__What to produce__
An exact copy of the data is required, with no pictures in it.

[[ Input records, beginning ]]

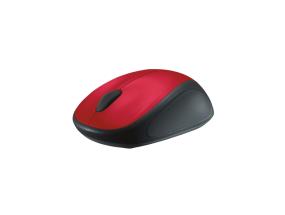 Logitech M235 Wireless Mouse, RF Wireless, 1000 DPI, Red/Black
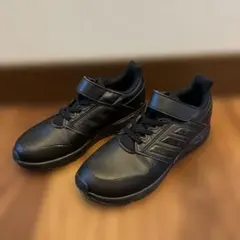 adidas ブラック スニーカー マジックテープ付き 21.5cm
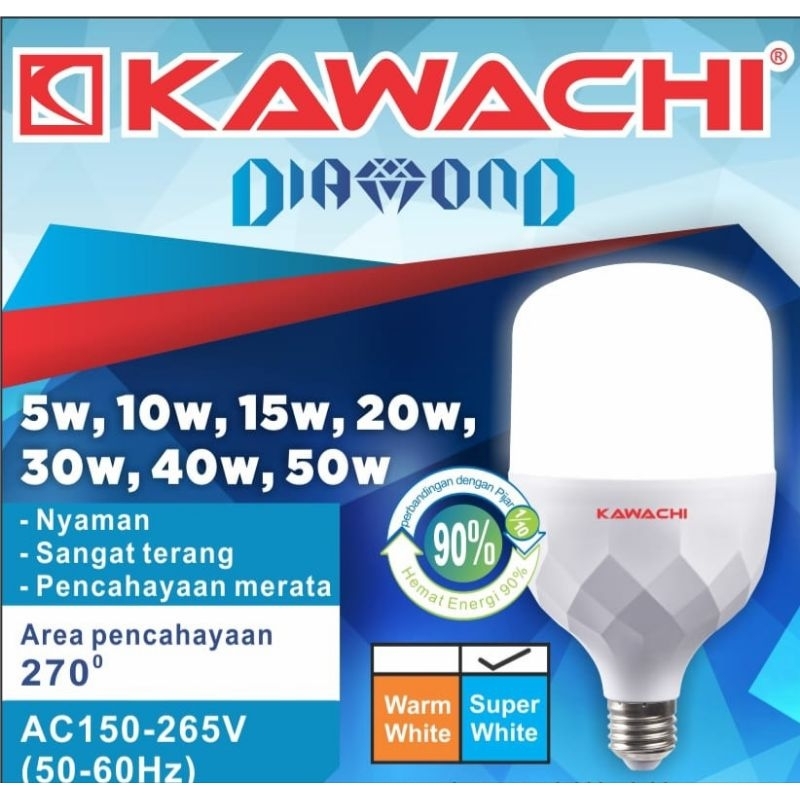 LAMPU LED KAWACHI DIAMOND KAPSUL 40W 50W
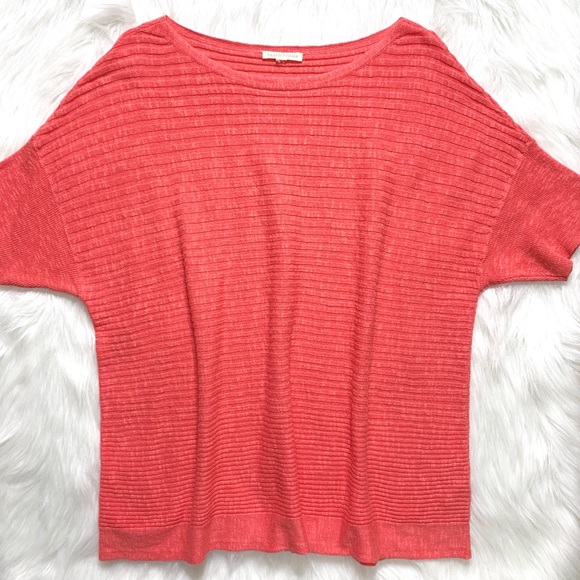 Eileen Fisher Tops - Eileen Fisher Organic Knit Melon Pink Box Top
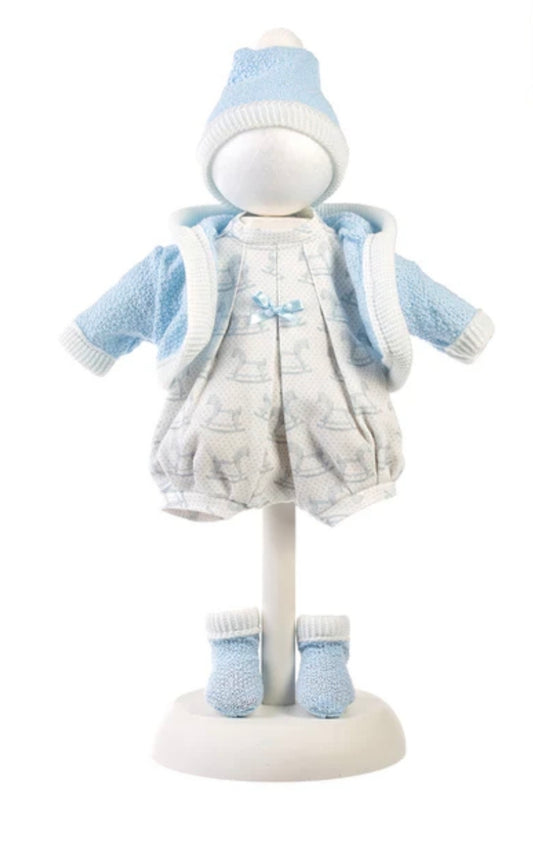 Ropa conjunto azul caballitos 33 cm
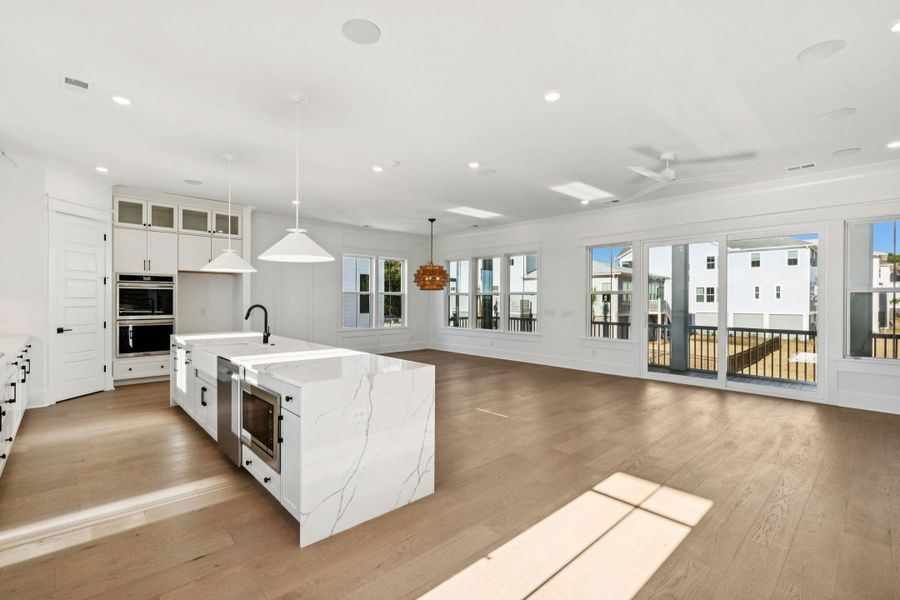 Furnished interior view inside a new home in Overlook at Copahee Sound, Awendaw (Image 52).
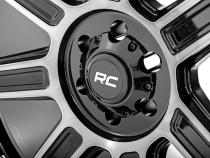 89 Series Wheel One-Piece Black Machined Gun Metal 20x10 5x5 -19mm Rough Country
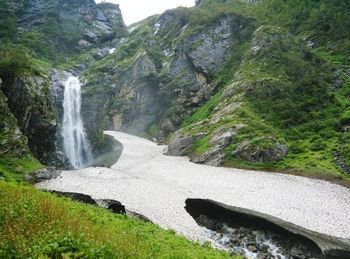 River flowing through rocks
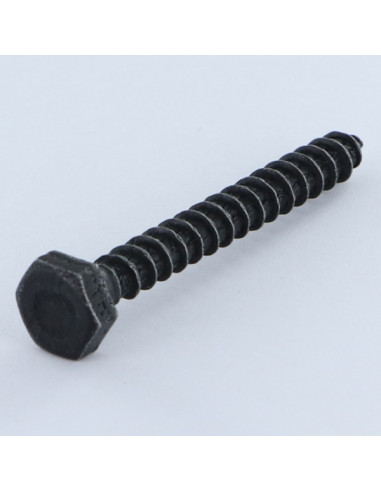 Parafusos Tirefond 6X50 Aço zinco níquel preto reforçado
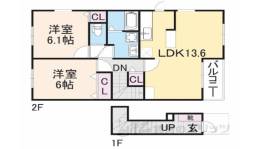 プロヴァンス・ドゥ間取り図面
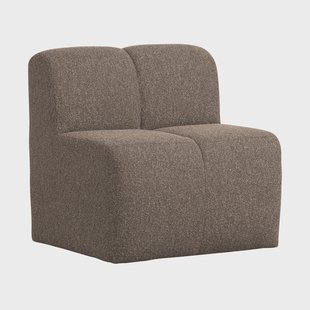 WOOOD Eetkamerbank Mojo Bouclé, 84cm - Bruin Melange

[[ Input records, end ]]

__Result of the exercise__
 Logitech M235 Wireless Mouse, RF Wireless, 1000 DPI, Red/Black
 adidas ブラック スニーカー マジックテープ付き 21.5cm
 LAMPU LED KAWACHI DIAMOND KAPSUL 40W 50W
 Eileen Fisher Tops - Eileen Fisher Organic Knit Melon Pink Box Top
 Ropa conjunto azul caballitos 33 cm
 Furnished interior view inside a new home in Overlook at Copahee Sound, Awendaw (Image 52).
 89 Series Wheel One-Piece Black Machined Gun Metal 20x10 5x5 -19mm Rough Country
 River flowing through rocks
 Parafusos Tirefond 6X50 Aço zinco níquel preto reforçado
 プロヴァンス・ドゥ間取り図面
 WOOOD Eetkamerbank Mojo Bouclé, 84cm - Bruin Melange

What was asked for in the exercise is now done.